__Instructions to follow__
Pictures are to be left out. Return exactly the lines below from the one with "XYSWDD Boldness Von" up to and including the one with "Overhängande Sten vid".

=== Data shown ===

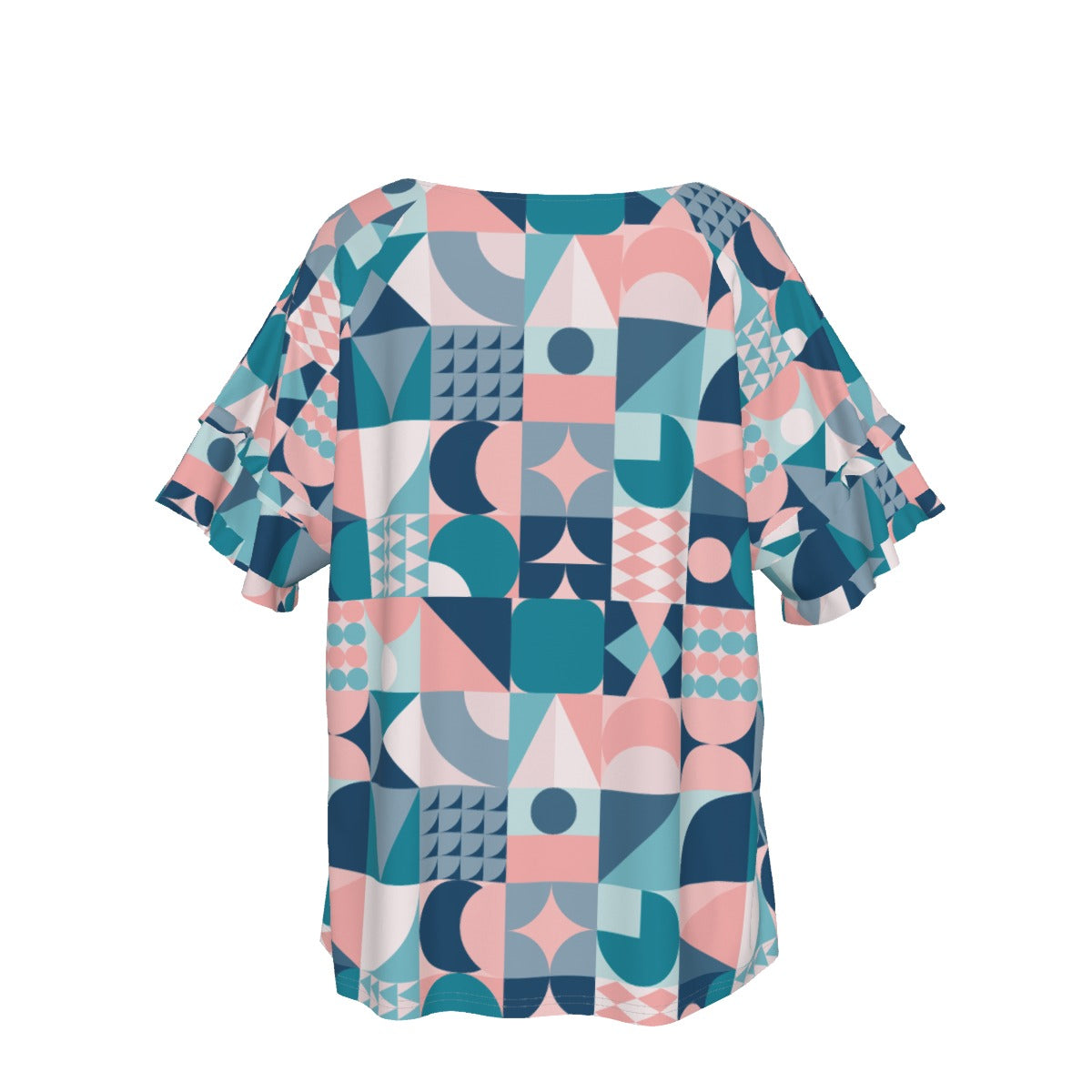 Geo Fun |  Round Neck Raglan Sleeve Tee - Kim’s Signature Beauty & Accessories    (Store description)
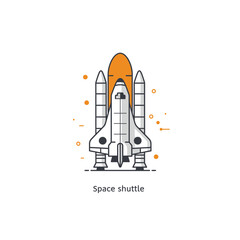 Pixel Art Space Shuttle Illustration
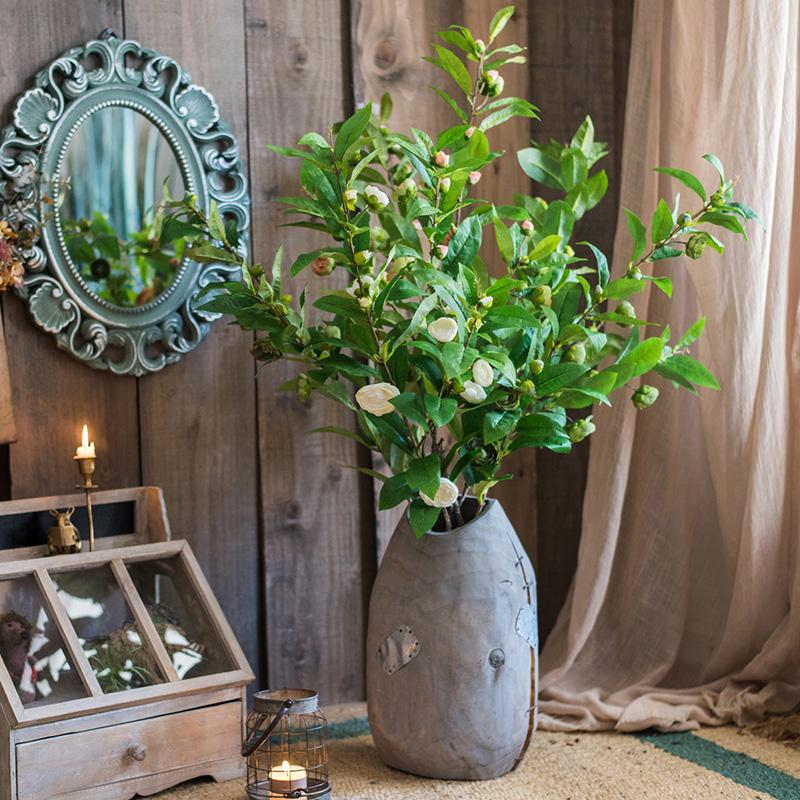 Artificial Camellia Stem in Green or White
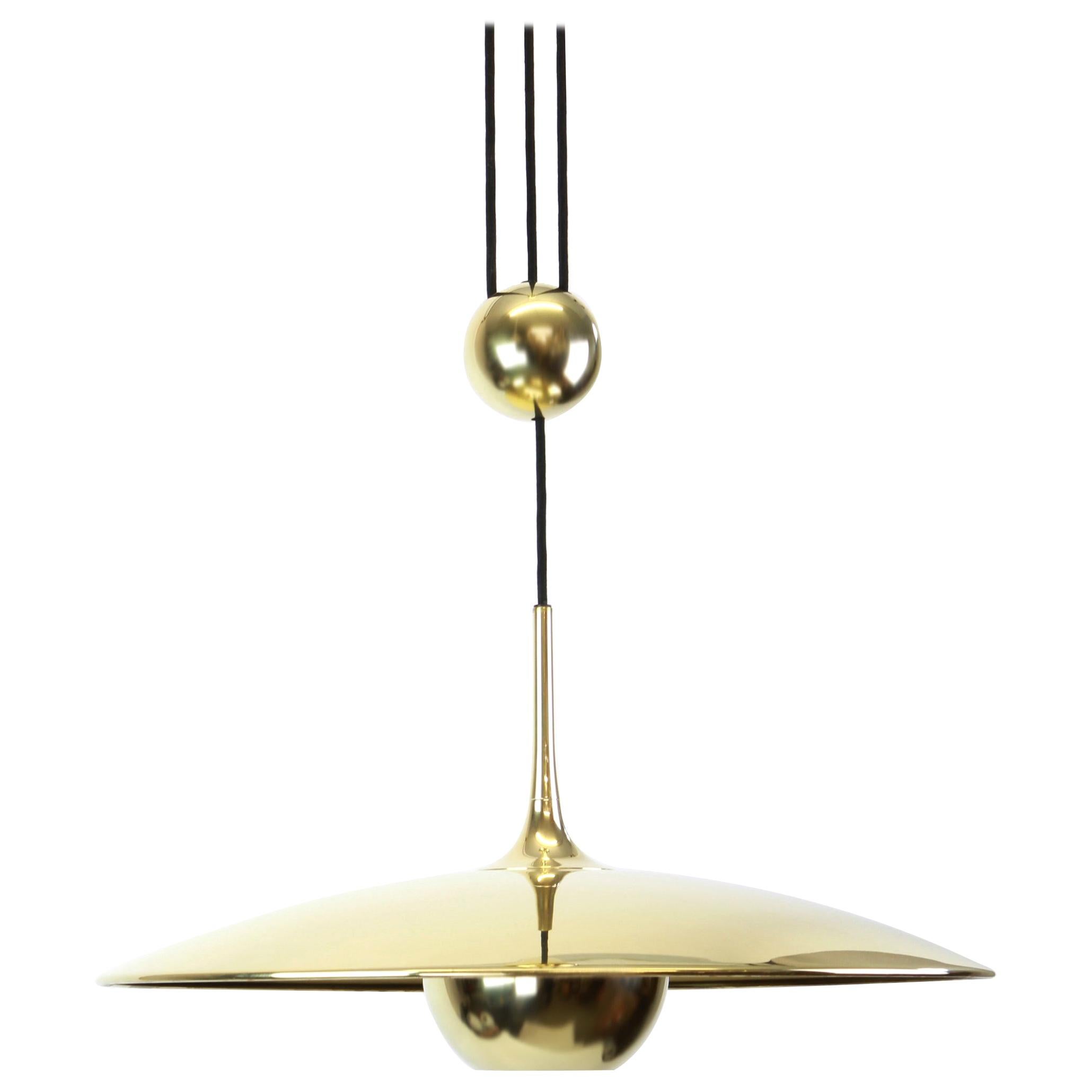 Large Adjustable Brass Counterweight Pendant Light by Florian Schulz, Germany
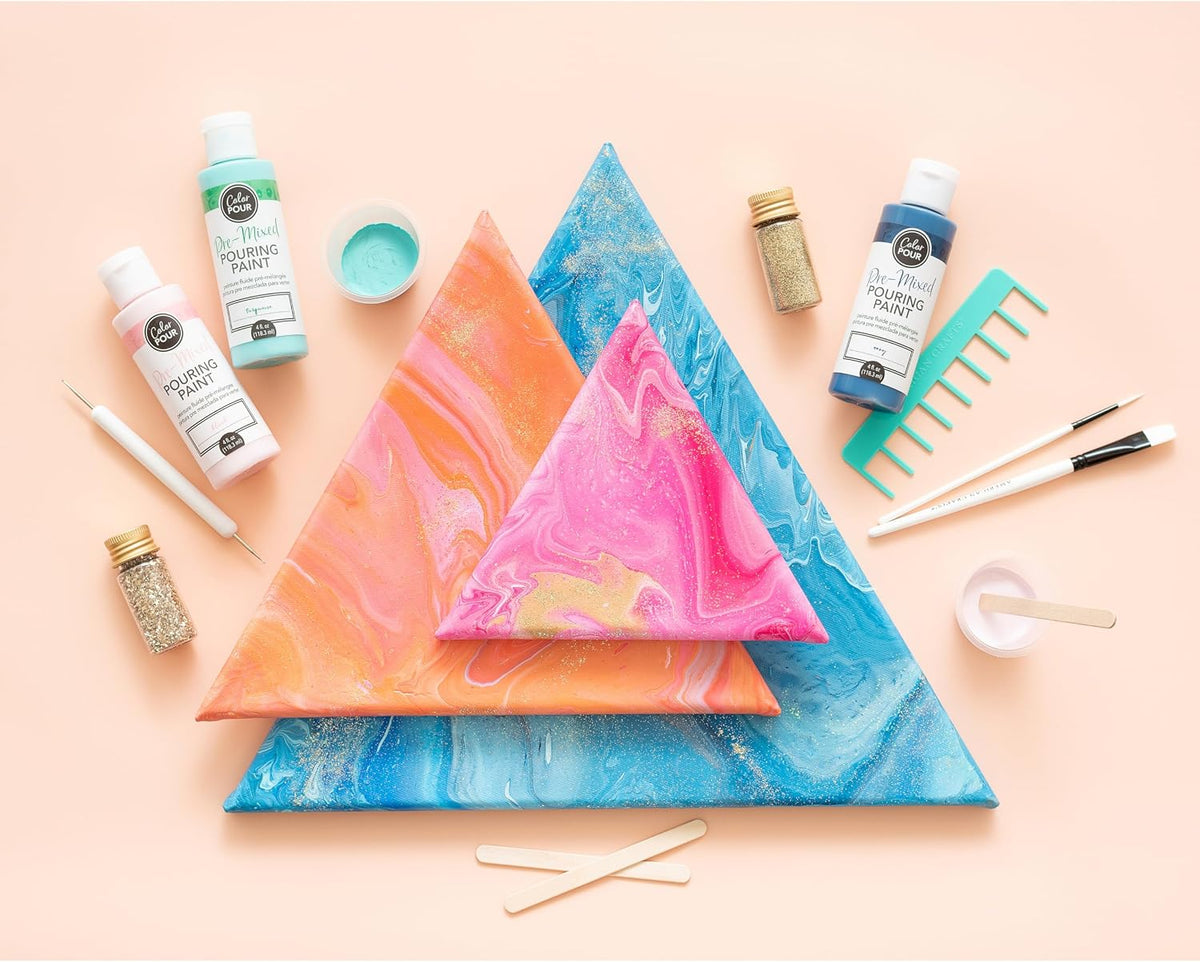 American Crafts Color Pour starter kit instruction booklet and canvas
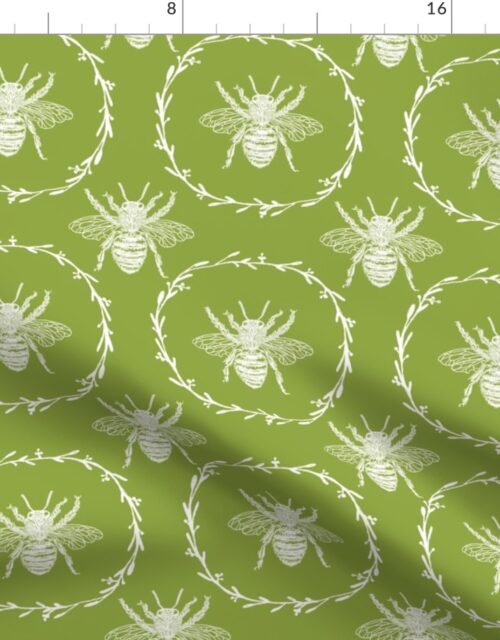 Large French Provincial Bees in Laurel Wreaths in White on Grass Green Fabric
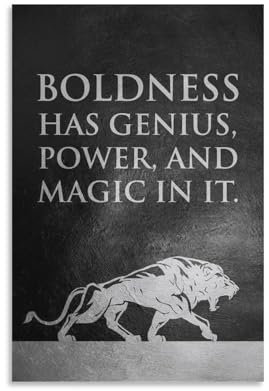 XYSWDD Boldness Von Goethe inspirierendes Vintage-Leinwand-Poster, Wandkunst, Dekordrucke, Gemälde, Wohnzimmer, Schlafzimmer, 20 x 30 cm, Schwarz und Weiß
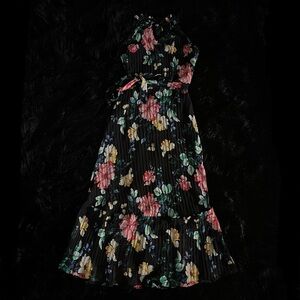 Black Maxi Dress with Floral Design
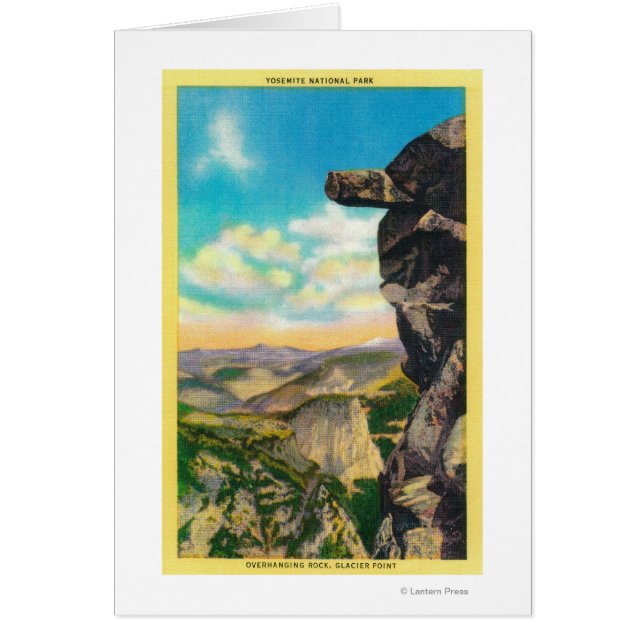Overhängande Sten vid Glacier PointYosemite, CA Hälsningskort (Framsidan)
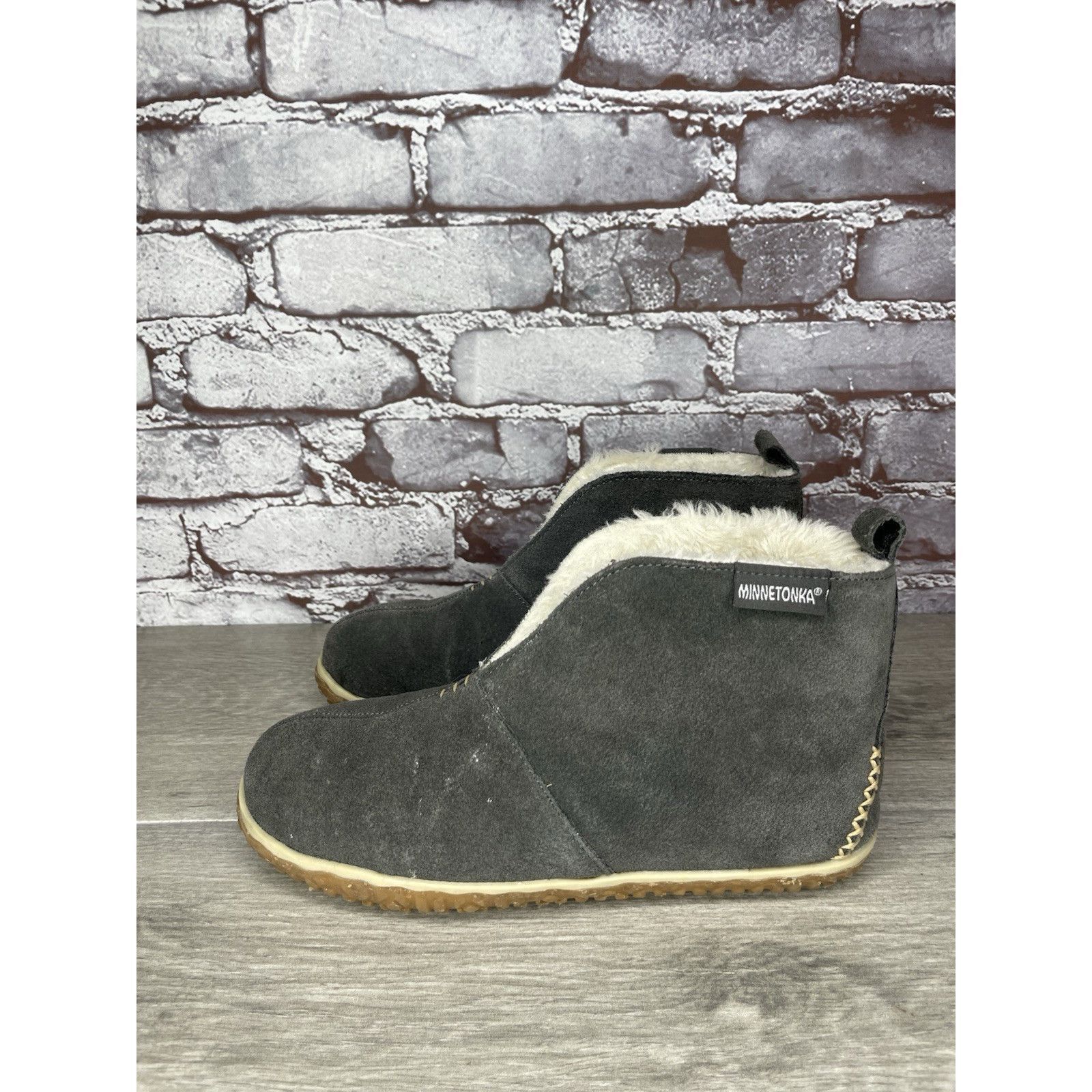 Minnetonka Minnetonka Tucson Gray Suede Southwestern Fur Lined Booties Size US 7 / IT 37 - 17 Thumbnail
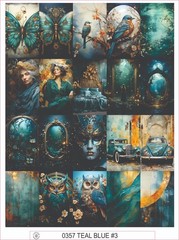 TEAL BLUE #3 – COMPLETE SHEET OF 20 STICKERS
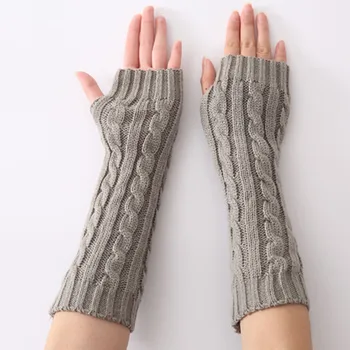 Yeni Jakarlı örme kış eldiveni Kadın Moda Kalın Sıcak Yarım parmak Eldiven Dokunmatik Ekran Sonbahar Avrupa Amerika
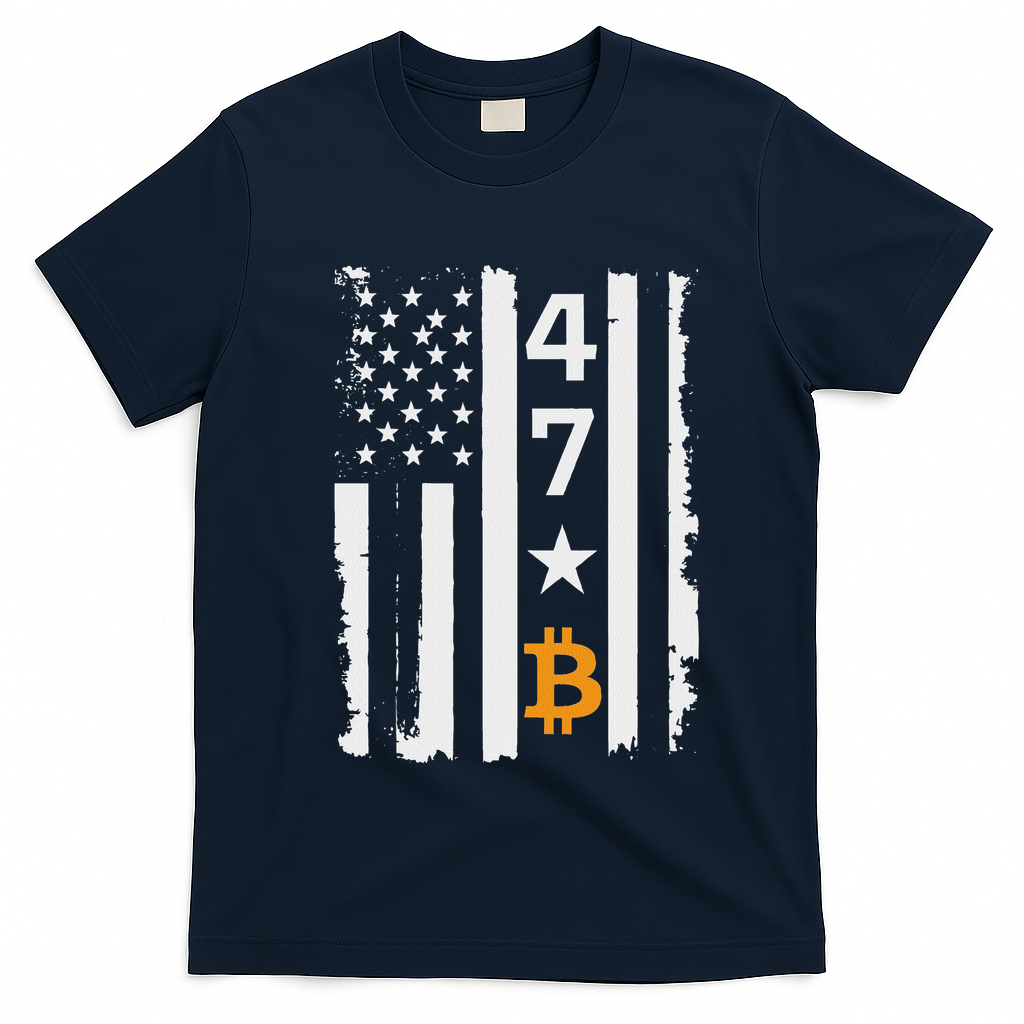 Usa 47th Flag Bitcoin Design – Trump Crypto Supporter T-Shirt - Navy Blue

===

__Written solution__
 XYSWDD Boldness Von Goethe inspirierendes Vintage-Leinwand-Poster, Wandkunst, Dekordrucke, Gemälde, Wohnzimmer, Schlafzimmer, 20 x 30 cm, Schwarz und Weiß
 Black Maxi Dress with Floral Design
Overhängande Sten vid Glacier PointYosemite, CA Hälsningskort (Framsidan)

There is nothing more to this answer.